Ce soir-là à Munich, en battant l'AC Milan (1-0), l'OM a donné naissance à une autre trilogie marseillaise après celle de Marcel Pagnol (Marius, Fanny, César). Ses trois composantes – la date, l'étoile et la devise – sont omniprésentes à Marseille, en graffitis sur ses murs, dans les paroles des chansons de supporters et de celles des rappeurs Soprano ou Alonzo et même en santons, avec une création récente, Bernard Tapie qui brandit la Coupe à côté d'un supporter portant une pancarte «A jamais les premiers!»
«Marseille, c'est 2600 ans d'histoire. Il y a donc une identité locale très forte qui a largement précédé le foot. Mais l'histoire de l'OM est incontestablement liée à celle de la ville et c'est une erreur de ne pas reconnaître ce lien étroit», explique Médéric Gasquet-Cyrus, linguiste et maître de conférences à l'Université d'Aix-Marseille.
«Le sacre de 1993 unit beaucoup de monde, ceux qui l'ont vécu et ceux qui n'étaient pas nés, les présents et les absents. Cela appartient à tout le monde, c'est une histoire personnelle et collective», ajoute celui qui était au stade à Munich ce fameux 26 mai.
Supériorité éternelle
Eux aussi présents à Munich, mais sur la pelouse, les anciens joueurs de l'OM Jocelyn Angloma et Jean-Philippe Durand savent exactement le poids de ce trophée dans la vie des supporters marseillais. On le leur rappelle à peu près tous les jours!

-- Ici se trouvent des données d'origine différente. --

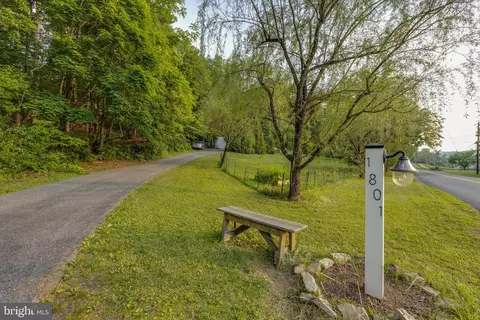 Other - 1801 Stringtown Rd, Sparks Glencoe, MD 21152 photo 11 of 11
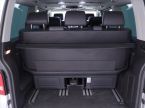 Volkswagen Multivan - fotka číslo 9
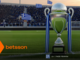 Betsson: Το ελληνικό πρωτάθλημα επιστρέφει με κορυφαίες αποδόσεις και απίστευτα ειδικά στοιχήματα!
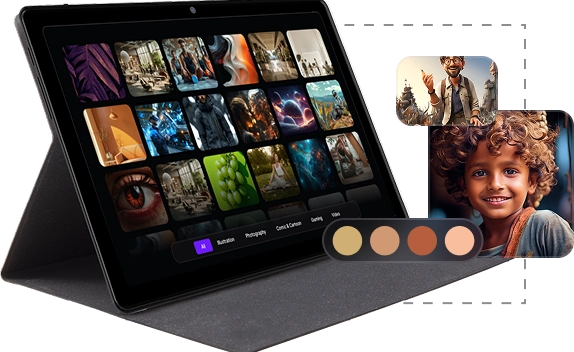 Feature Image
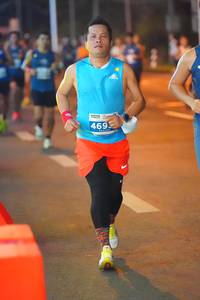 BIB: 469
                            <button type="button" onclick="openModal(13762545)" class="btn btn-primary btn-sm float-right btn-popup" data-toggle="modal" data-target=".modal-high-quality">
                        <i class="fas fa-shopping-cart"></i> Add to Cart
                    </button>
                                            <button type="button" onclick="isThisMe(13762545, true)" class="btn btn-success btn-sm float-right btn-popup btn-isme hidden" data-toggle="tooltip" data-placement="bottom" title="นี่คือรูปของคุณใช่ไหม คลิกที่นี่เพื่อเอาเข้าอัลบั้ม">
                        <i class="fas fa-plus"></i> Add to album
                    </button>
                    <button type="button" onclick="isThisMe(13762545, false)" class="btn btn-warning btn-sm float-right btn-popup btn-isnotme hidden">
                        <i class="fas fa-ban"></i> Remove from album
                    </button>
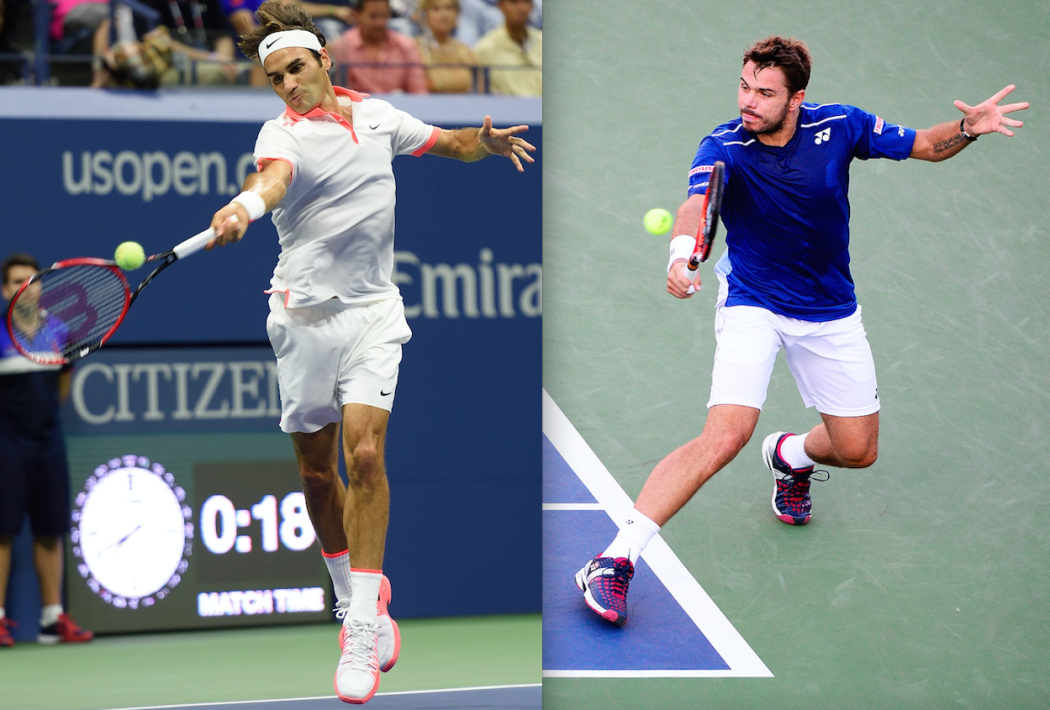 Bildschirmfoto 2015-09-11 um 15.20.37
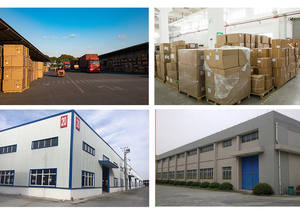 Capteur de position de vitesse 0800-012200 pour <span class=keywords><strong>CF</strong></span> <span class=keywords><strong>MOTO</strong></span> <span class=keywords><strong>CF400</strong></span> 500 600 800 1000 ATV UTV SSV Parts - Product Image 6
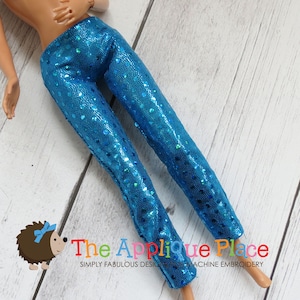 In the hoop barbie clothes hotsell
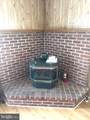 34945 Oak Drive - Photo 16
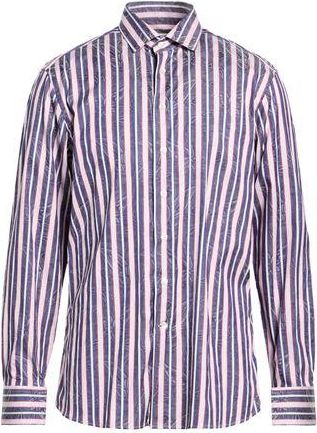 Etro TOPWEAR - Camicie su YOOX.COM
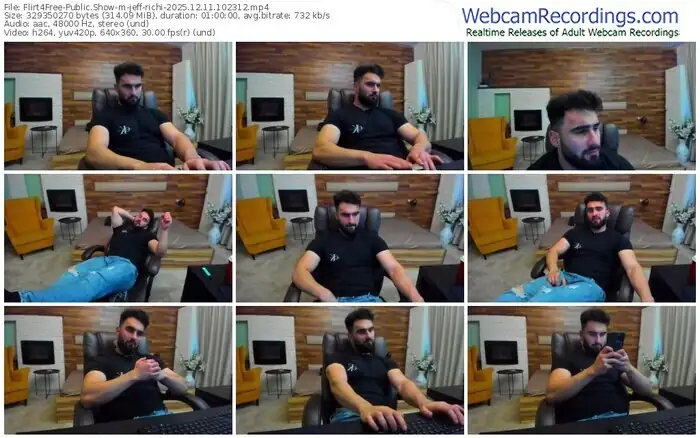 flirt4free-jeff-richi-12-11-2025-10-23-12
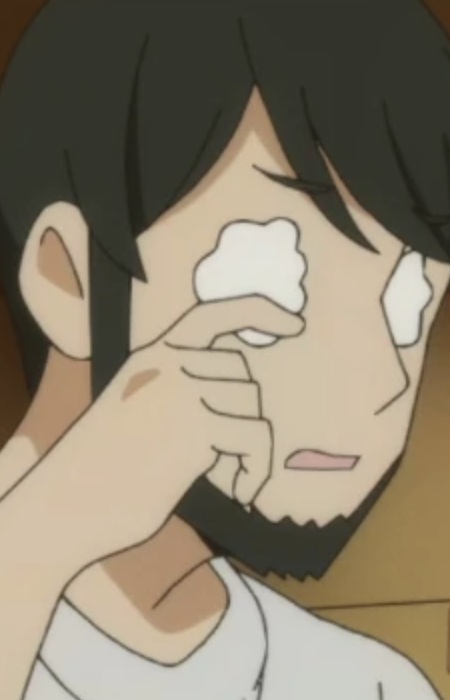 Nishikawa, Takashi
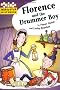 Florence and the Drummer Boy (Hopscotch Histories)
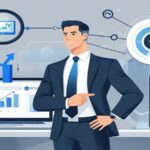 Law Firm SEO Strategies That Drive More Clients to Your Practice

«Tout le monde nous en parle sans cesse. Cela a été une émotion très forte pour beaucoup de gens. Certains me disent encore que c'est le plus beau jour de leur vie, plus que la naissance de leurs enfants», raconte ainsi Durand.
«C'est le match no 1 pour les supporters, de génération en génération. Même ceux qui ne l'ont pas vu, c'est dans leur culture, confirme Angloma. Les gens ne pourront jamais oublier. L'OM est différent parce qu'il y a ce truc en plus. C'est dans l'histoire du club et de la ville.»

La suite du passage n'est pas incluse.